A Servant Leader
". . . He has always refused to wear a wig or dress in any finer clothing than the poor homemade things I sew. And he has such a way of standing, with one fist clenched at his side and the other clenched straight out before him! Although some men will laugh when they see him and hear the abrupt way in which he speaks, they soon stop when they hear what he has to say. Did you know,” she added, looking around the table, “that Thomas Jefferson himself once said, ‘That is Mr. Sherman, of Connecticut, a man who never said a foolish thing in his life.’”
The above sketch and quotation is from our latest story in production, When I am Weak. This short story about statesman Roger Sherman, seems more and more important considering the 2016 election and the inauguration of president Trump.
No matter what side of the political spectrum you fall on, the point is that leadership looks different in Christ than it does in the world. Recently, our staff was reading one of the crucifixion accounts. Even in the midst of the agony of the cross, Jesus' focus is on others rather than Himself. He prays for His enemies (Luke 23:34), He directs John to care for Mary (John 19:26-27), He promises peace to the believing criminal (Luke 23:43), and of course He is laying down His life for the sins of many (Heb. 9:28). But is this "other" focus seen in Christ just "pie in the sky" for the rest of us?
Not so! Otherwise Jesus would not have given this explicit directive to His disciples:
Ye know that the princes of the Gentiles exercise dominion over them, and they that are great exercise authority upon them. But it shall not be so among you: but whosoever will be great among you, let him be your minister; And whosoever will be chief among you, let him be your servant: Even as the Son of man came not to be ministered unto, but to minister, and to give his life a ransom for many. (Matt. 20:25-28)

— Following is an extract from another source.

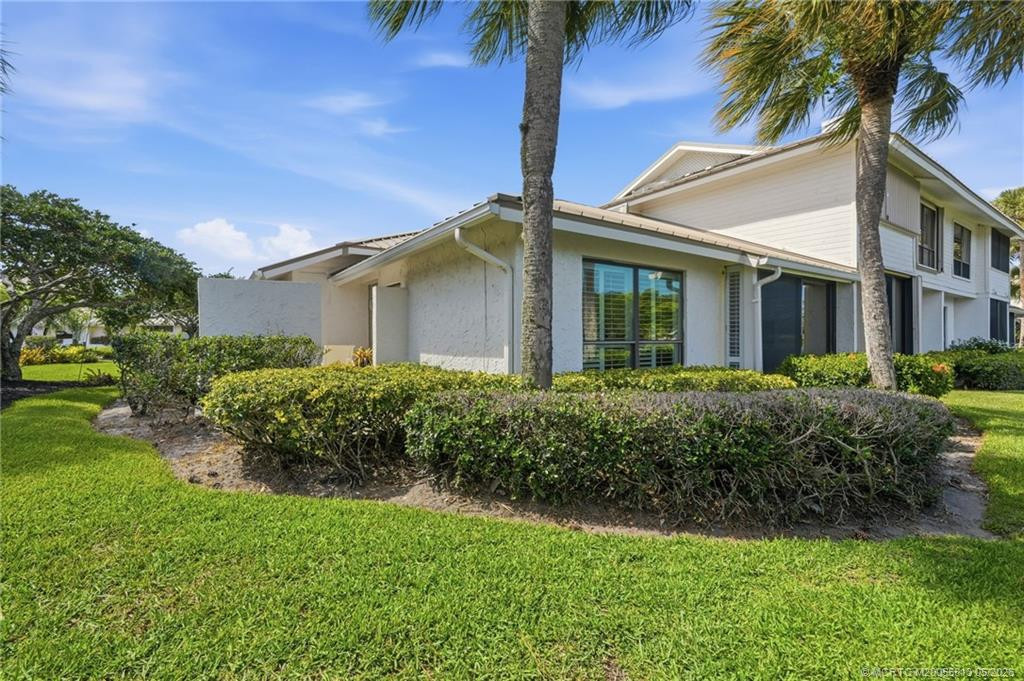 Photo 4 at 5600 SE Foxcross Place, Stuart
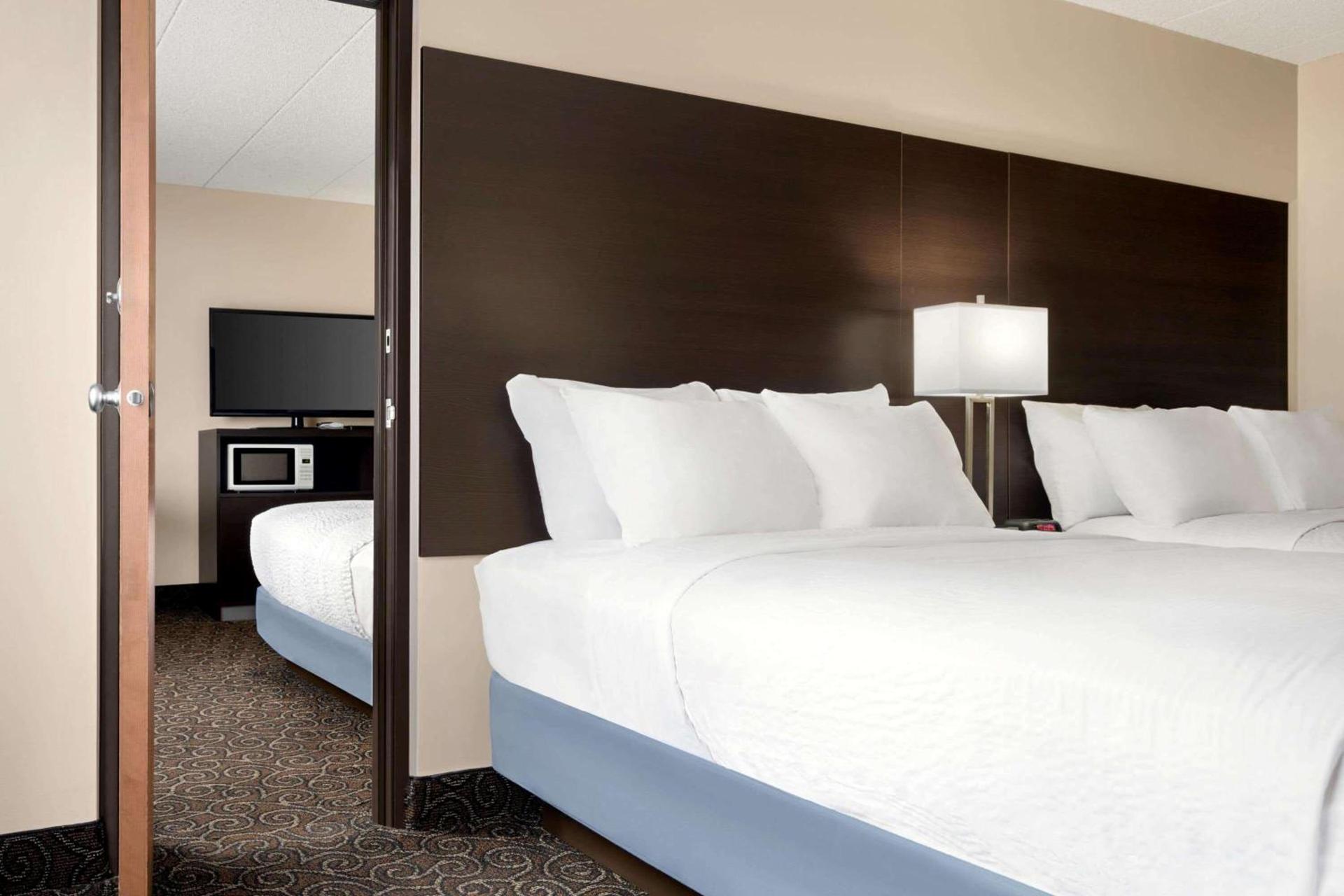 Days Inn by Wyndham Fort Collins photo 10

In the cross, Jesus not only sets an example of servant leadership, but accomplishes the work whereby it is possible in the lives of His disciples (2 Cor. 5:14-15). That means a story about a Christian statesman like Roger Sherman is worthy to lay before children. Not to the end that they simply say, "here was a good man," but that they conclude, "here was Christ's good work in a man" and then consider "if in Him, why not in me?"